Since some form of daily exercise is almost always a healthy choice for most, it follows that it’s a good idea to exercise daily to manage anxiety. Again, this can be as simple as a 20-minute walk or a full hour or two in the gym, but it’s the habit of motion that really makes a difference. Learning to respond to anxiety with some form of motion, even if it was brief, helped me learn that I wasn’t a victim to my anxiety. While I couldn’t control it, I could choose how I responded to it: by accepting defeat, or by choosing to be active and healthy.
Cater the difficulty of your workout to the level of anxiety you’re experiencing.
Make Exercise Fit into Your Life
If you’re suffering from anxiety, don’t feel the need to completely change how you exercise in order to combat it, since sometimes changing a daily rhythm can only trigger more anxiety. Instead, find forms of exercise that fit in your daily life and are enjoyable to you – perhaps you love running or feel especially energized after a Pilates session.
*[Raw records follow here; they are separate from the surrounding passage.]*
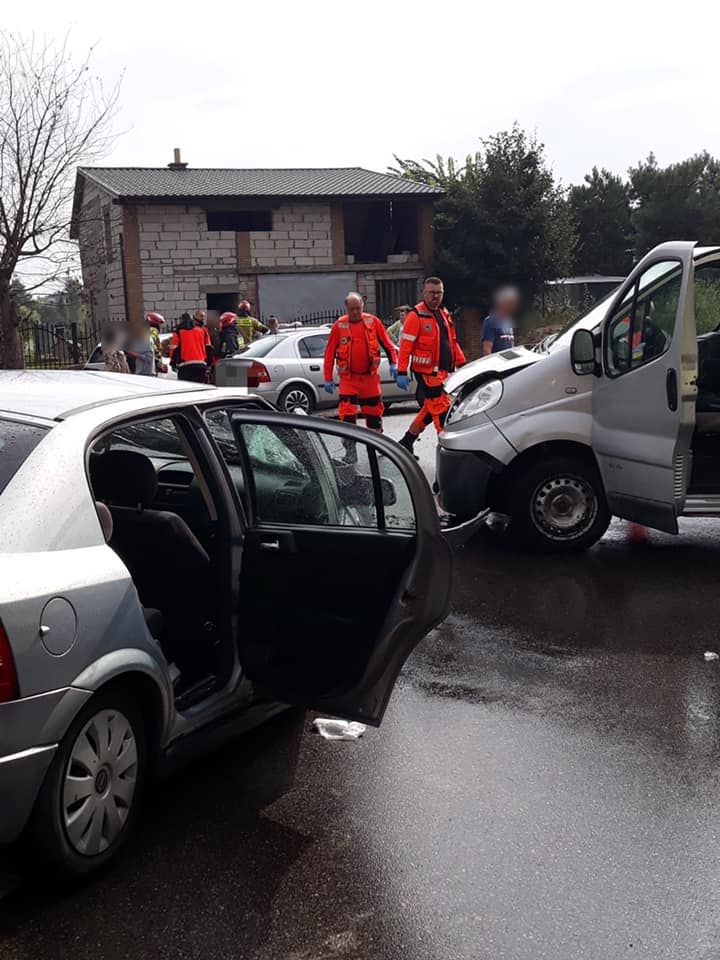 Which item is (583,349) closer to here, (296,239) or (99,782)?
(99,782)

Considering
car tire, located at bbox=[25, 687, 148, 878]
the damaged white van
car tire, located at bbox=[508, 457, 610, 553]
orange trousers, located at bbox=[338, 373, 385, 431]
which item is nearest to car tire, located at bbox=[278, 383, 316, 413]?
orange trousers, located at bbox=[338, 373, 385, 431]

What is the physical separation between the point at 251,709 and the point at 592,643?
2.36 metres

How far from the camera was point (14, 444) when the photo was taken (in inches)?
140

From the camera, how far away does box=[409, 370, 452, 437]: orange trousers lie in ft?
37.0

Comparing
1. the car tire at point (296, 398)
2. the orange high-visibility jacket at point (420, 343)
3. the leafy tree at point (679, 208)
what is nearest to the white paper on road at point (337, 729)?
the orange high-visibility jacket at point (420, 343)

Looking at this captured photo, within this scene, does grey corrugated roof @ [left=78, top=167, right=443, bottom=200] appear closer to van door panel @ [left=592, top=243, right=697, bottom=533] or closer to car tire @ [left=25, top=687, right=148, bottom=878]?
van door panel @ [left=592, top=243, right=697, bottom=533]

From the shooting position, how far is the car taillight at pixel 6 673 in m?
3.04

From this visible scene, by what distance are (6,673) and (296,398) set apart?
48.8ft

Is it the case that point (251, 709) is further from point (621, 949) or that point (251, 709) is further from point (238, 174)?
point (238, 174)

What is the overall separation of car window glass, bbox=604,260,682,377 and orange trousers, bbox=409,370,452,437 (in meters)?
3.86

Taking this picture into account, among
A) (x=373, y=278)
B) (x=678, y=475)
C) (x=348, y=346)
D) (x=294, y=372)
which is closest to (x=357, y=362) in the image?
(x=348, y=346)

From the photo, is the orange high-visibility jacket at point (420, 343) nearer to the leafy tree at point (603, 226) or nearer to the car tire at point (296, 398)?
the car tire at point (296, 398)

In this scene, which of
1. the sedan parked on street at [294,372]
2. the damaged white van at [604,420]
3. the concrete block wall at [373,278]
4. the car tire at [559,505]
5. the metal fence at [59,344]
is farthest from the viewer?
the concrete block wall at [373,278]

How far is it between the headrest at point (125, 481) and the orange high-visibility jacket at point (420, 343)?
718 cm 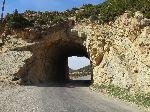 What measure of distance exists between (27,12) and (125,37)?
17350mm

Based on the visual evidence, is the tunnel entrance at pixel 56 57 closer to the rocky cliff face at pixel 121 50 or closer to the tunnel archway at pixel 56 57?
the tunnel archway at pixel 56 57

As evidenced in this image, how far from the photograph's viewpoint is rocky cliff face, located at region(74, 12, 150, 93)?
85.5ft

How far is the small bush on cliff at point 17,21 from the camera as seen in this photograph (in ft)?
128

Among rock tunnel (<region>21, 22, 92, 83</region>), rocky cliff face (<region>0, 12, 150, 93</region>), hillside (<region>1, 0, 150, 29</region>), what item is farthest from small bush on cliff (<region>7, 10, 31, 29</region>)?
rock tunnel (<region>21, 22, 92, 83</region>)

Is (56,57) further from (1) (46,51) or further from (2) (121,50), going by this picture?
(2) (121,50)

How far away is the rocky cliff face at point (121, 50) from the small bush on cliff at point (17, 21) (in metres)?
6.18

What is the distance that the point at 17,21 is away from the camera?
39.3 metres

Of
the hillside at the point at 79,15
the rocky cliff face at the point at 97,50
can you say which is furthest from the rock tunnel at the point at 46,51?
the hillside at the point at 79,15

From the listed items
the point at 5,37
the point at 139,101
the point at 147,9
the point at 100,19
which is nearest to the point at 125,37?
the point at 147,9

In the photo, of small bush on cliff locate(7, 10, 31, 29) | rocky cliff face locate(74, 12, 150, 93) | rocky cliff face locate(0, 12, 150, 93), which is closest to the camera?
rocky cliff face locate(74, 12, 150, 93)

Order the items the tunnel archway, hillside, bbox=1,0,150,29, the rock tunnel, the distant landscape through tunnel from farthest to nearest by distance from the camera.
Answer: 1. the distant landscape through tunnel
2. the tunnel archway
3. the rock tunnel
4. hillside, bbox=1,0,150,29

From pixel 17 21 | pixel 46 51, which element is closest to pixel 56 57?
pixel 46 51

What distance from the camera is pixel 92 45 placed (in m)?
36.2

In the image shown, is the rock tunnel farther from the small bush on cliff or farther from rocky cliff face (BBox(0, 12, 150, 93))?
the small bush on cliff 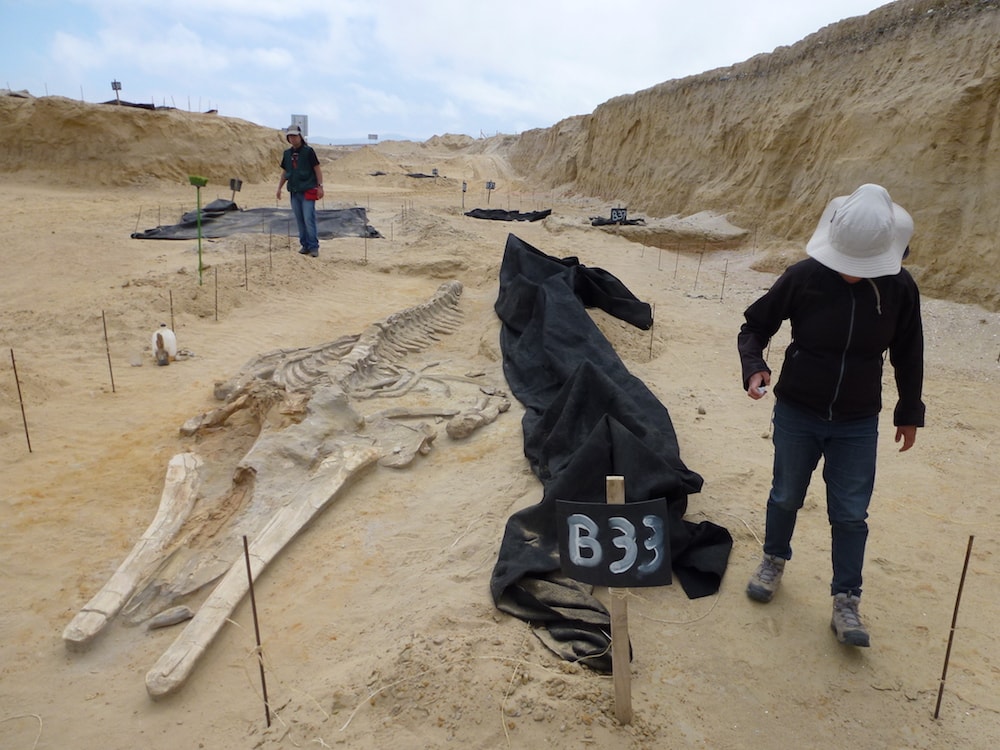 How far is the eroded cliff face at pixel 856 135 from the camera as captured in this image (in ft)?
30.2

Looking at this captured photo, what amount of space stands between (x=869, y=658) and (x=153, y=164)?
21.4 metres

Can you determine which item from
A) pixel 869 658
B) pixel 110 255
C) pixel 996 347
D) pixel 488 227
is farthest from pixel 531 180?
pixel 869 658

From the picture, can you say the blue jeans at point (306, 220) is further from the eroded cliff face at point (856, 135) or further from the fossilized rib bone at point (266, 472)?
the eroded cliff face at point (856, 135)

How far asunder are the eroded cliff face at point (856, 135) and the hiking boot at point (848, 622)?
7669 millimetres

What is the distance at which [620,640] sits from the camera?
2.32m

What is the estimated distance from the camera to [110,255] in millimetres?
10328

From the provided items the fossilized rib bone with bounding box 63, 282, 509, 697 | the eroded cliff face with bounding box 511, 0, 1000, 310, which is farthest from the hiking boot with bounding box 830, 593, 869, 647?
the eroded cliff face with bounding box 511, 0, 1000, 310

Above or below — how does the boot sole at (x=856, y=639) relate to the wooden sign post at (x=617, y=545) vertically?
below

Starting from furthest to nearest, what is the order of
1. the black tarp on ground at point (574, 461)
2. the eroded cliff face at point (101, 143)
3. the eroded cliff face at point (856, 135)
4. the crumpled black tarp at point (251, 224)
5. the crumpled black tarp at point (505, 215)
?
the crumpled black tarp at point (505, 215) < the eroded cliff face at point (101, 143) < the crumpled black tarp at point (251, 224) < the eroded cliff face at point (856, 135) < the black tarp on ground at point (574, 461)

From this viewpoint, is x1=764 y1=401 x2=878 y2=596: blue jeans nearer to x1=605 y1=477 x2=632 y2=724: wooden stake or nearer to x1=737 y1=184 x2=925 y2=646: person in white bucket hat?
x1=737 y1=184 x2=925 y2=646: person in white bucket hat

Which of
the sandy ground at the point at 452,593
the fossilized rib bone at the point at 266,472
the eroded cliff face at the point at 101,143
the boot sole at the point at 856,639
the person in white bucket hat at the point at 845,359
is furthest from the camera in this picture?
the eroded cliff face at the point at 101,143

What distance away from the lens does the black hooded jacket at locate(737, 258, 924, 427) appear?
2.68 m

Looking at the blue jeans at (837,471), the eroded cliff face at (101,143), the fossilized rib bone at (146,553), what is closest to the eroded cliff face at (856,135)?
A: the blue jeans at (837,471)

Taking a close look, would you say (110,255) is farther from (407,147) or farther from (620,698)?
(407,147) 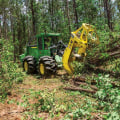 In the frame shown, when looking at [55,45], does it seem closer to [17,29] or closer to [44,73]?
[44,73]

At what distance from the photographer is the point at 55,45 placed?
8594 millimetres

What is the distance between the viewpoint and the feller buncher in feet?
21.0

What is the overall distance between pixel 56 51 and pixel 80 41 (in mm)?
2378

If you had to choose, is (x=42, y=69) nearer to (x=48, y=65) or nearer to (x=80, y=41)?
(x=48, y=65)

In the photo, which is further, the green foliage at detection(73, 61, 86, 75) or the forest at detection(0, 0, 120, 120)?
the green foliage at detection(73, 61, 86, 75)

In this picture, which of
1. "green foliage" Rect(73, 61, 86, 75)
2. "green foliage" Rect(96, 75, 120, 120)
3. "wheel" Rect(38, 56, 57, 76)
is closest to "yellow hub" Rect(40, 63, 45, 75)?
"wheel" Rect(38, 56, 57, 76)

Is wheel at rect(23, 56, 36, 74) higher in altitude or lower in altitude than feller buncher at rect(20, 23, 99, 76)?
lower

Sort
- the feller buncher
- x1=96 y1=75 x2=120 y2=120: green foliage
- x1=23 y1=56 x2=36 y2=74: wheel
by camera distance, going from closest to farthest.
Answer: x1=96 y1=75 x2=120 y2=120: green foliage → the feller buncher → x1=23 y1=56 x2=36 y2=74: wheel

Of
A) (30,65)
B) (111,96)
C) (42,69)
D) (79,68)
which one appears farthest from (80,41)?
(30,65)

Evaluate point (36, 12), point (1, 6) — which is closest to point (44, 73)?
point (36, 12)

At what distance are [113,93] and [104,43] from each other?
3.69 meters

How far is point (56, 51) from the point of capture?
27.4 feet

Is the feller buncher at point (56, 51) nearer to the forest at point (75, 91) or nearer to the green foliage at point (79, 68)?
the green foliage at point (79, 68)

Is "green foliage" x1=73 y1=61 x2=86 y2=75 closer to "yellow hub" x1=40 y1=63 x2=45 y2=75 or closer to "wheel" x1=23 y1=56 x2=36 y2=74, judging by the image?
"yellow hub" x1=40 y1=63 x2=45 y2=75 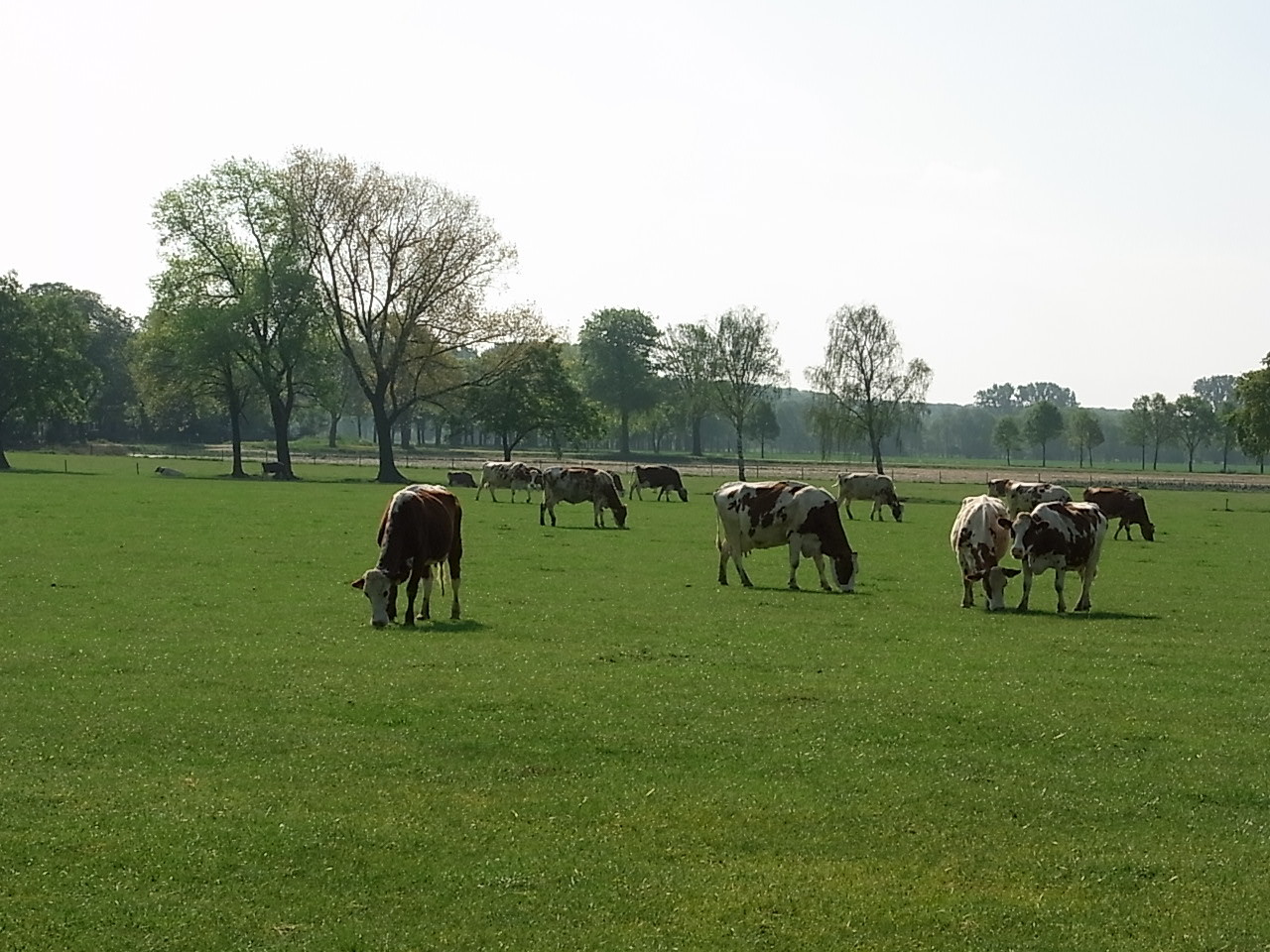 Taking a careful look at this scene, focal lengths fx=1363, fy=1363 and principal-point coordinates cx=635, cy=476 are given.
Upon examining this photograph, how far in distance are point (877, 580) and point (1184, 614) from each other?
19.7 ft

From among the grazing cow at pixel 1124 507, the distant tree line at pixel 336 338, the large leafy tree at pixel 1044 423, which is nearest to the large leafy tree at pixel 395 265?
the distant tree line at pixel 336 338

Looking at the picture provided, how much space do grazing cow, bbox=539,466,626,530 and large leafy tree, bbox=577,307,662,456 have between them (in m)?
103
Luckily, there are so many forms of exercise that are accessible from your living room nowadays – make a great playlist, roll out a mat, and press play for the first half hour of your morning, if it works for you. You don’t need to be like anyone else when it comes to exercise – what matters most is what’s helping you and your mind become healthier.
Make Clear Goals for Yourself in Exercise
One of the most valuable things I learned about fitness and anxiety was making sure my goals were clear. If I approached exercise with any other mindset than prioritizing my physical and mental health, it would increase my anxiety (for instance, if I became too focused on weight or appearance).
If you’re looking for more joy and positivity, try a dance workout.
If you’re struggling with anxiety, make sure you’re approaching exercise with a goal that cultivates peace in your mind and life. In addition, choose forms of exercise that uphold these mental goals! If you’re looking for more joy and positivity, try a dance workout. If you’re looking for more strength, try weightlifting. If you’re looking for endurance, try cycling.
Remember That Being Rid of Anxiety Isn’t the Goal
One of the hardest lessons I learned about anxiety was that I may never defeat it. For years, my mindset in going to therapy, exercising, taking medicine, or trying a certain diet was to eliminate anxiety from my life, and I felt like I was doing something wrong if my symptoms weren’t disappearing.
Ironically, what finally loosened anxiety’s grip on my life was accepting its presence. Slowly, I stopped seeing anxiety as an enemy to conquer, and rather as a companion that I needed to learn to journey with and adapt to. Exercising was one of the chief ways I learned this; while I couldn’t control symptoms or when anxiety would ebb and flow, I could control how I took care of myself and responded to the ebbing and flowing. I could let anxiety confine me to my bed for the day, or make it the motivation for me to take better care of my body, mind, and soul.
This isn’t a promise that exercise will take your anxiety away, rather that it can only help you become more responsive to the unique physical, mental, and spiritual needs that anxiety creates. By increasing neurochemical resources that help decrease symptoms and teaching you to move in the face of mental adversity, exercise makes you more courageous, healthy, and resilient – even if you count anxiety as one of your daily companions.